Nursing is a mixture of hard work and education, and it always will be. Knowing that nursing is right for you and what to look for in a degree are the foundations of your career. To build a career that combines your passion, interests, and talents, you will need to know how to progress properly through your career as a nurse. Whether you’re in the operating room, tending to patients in the ICU, or making rounds on the floor, donning a nurse uniform a symbol of your commitment, success, and dedication to the profession, also comes in different colors depending on the workplace you’re in, and these come with green, maroon, and navy blue scrubs.

Network 

You will have a lot of networking opportunities while you work and study, so the most important tip here is actually to keep in touch and use them. Online job boards like LinkedIn are not just for job hunts, and they are to keep in touch with those that you know professionally. By doing that, you can make yourself a top choice even for top job roles like Director of Nursing when the time is right. 

Know Your Options as a Nurse 

There are so many options as a nurse, and those options are only going to expand.

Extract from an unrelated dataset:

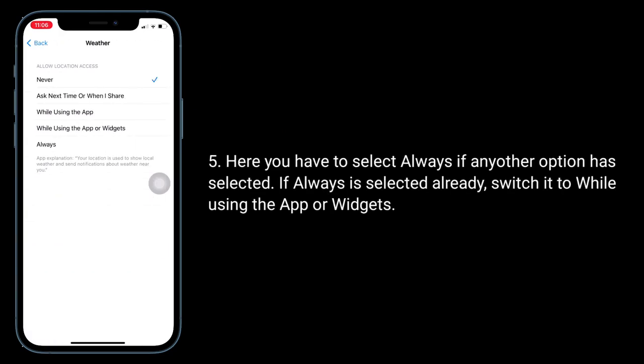Here you have to select Always. If any other option is selected, switch it. If Always is already selected, switch it to While Using the App or Widgets.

Telehealth, for example, is going to completely change the healthcare system as we know it and work to connect rural patients with the quality care that they deserve. In addition, more states are joining the eNLC, meaning you can move and find the perfect home and still do your job. You can even look outside of the healthcare system and find a career. 

It does not matter if you are not working in a high-stress, high-demand role. What matters is that you find the job that you love, because as nurse there is no way that you will not be helping people in one way, or another. 

Take Your Time 

As time goes on your options are only going to expand. The population is growing and aging, which means nurses are going to increase in demand as time goes on.

Nursing can be a very, very difficult job. It is one of the jobs that suffers the most from issues like compassion fatigue and burnout, and unfortunately those issues are not going to be fixed so long as there is a nursing shortage. 

If you need to, take the option to study part time. Most online DNP programs will allow you to take one course at a time, and some will even allow you to double the amount of time it takes to complete each course so that you can comfortably fit that degree around your work and life schedule.